First mortgage housing rates
A weighted average lending rate. The interest rate surveyed is the variable first mortgage interest rate offered to new borrowers for residential property, weighted by each surveyed institution's total lending outstanding for housing purposes.
Foreign exchange swaps
Transaction involving the actual exchange of two currencies (principal amount only) on a specific date at a rate agreed at the time of the conclusion of the contract (the short leg), and a reverse exchanges of the same two currencies at a date further in the future at a rate (generally different from the rate applied to the short leg) agreed at the time of the contract (the long leg). Both spot/forward and forward/forward swaps are included. Short-term swaps carried out as “tomorrow/next day” transactions are also included in this category.
Foreign exchange turnover
Turnover data provide a measure of market activity, and can also provide a rough proxy for market liquidity. In the published data turnover is defined as the absolute value of all deals concluded (but not closed) during the period (the day), and is measured in terms of the nominal or notional amount of the contracts. No distinction is made between sales and purchases (ie a purchase of $5 million against sterling and a sale of $7 million against NZD would amount to a gross turnover of $12 million). The turnover between reporting dealers is halved to provide an equivalent “single-sided” or “net” turnover between dealers. The overall turnover data are published on a single-sided basis.
Interest rates
A charge, quoted as a quarterly, semi-annual, or annual rate, paid by the borrower to the lender over a period of time. It is compensation to the lender for the sacrifice of the immediate use of money and for the inflationary erosion of its buying power over the life of a loan. Interest rates are sensitive/responsive to the supply and demand factors of credit and to inflationary expectations.
MCI
The Monetary Conditions Index (MCI) is a combination of the TWI and 90 day bank bill rates, in which a two percent increase (decrease) in the TWI is equivalent to a one percentage point increase (decrease) in 90 day rates. A one-point change on this index is equivalent to a 0.01 percentage change in the 90 day rates in the absence of a change in the TWI.
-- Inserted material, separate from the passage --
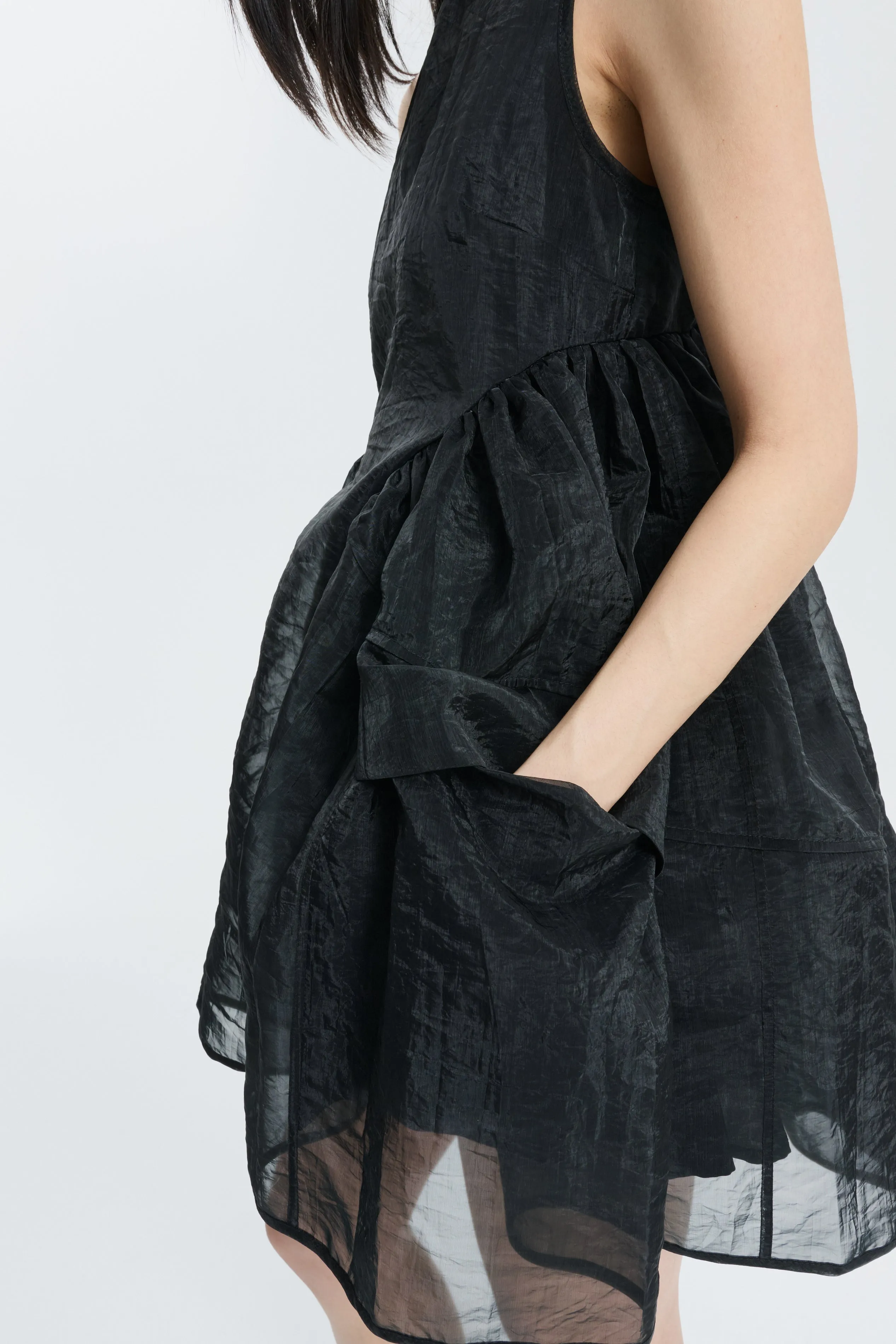 CBDIMMON | DRESS LIQUID MYRTIA BLACK sold by Cecilie Bahnsen product image thumbnail 3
This series has been discontinued.
Mid-rates
Financial institutions trading financial instruments will normally quote both bid and offer rates for those financial instruments. The mid-rate is the rate in the middle of this range.
New Zealand markets
Made up of financial institutions that will trade, both New Zealand cash, and financial instruments. They will quote both bid and offer rates.
Official Cash Rate (OCR)
The Official Cash Rate (OCR) is an interest rate set by the Reserve Bank to implement monetary policy, so as to maintain price stability. See ‘What is the Official Cash Rate?’’ and ‘Monetary policy implementation: changes to operating procedures’ for more details.
Outright forwards
Transaction involving the exchange of two currencies at a rate agreed on the date of the contract for value of delivery (cash settlement) at some time in the future (more than two business days later). This category also includes forward foreign exchange agreement transaction (FXA), non-deliverable forwards and other forward contracts for differences. This does not include “tomorrow/next day” transactions. The most likely user would be a local “non-financial” market participant e.g. Fonterra.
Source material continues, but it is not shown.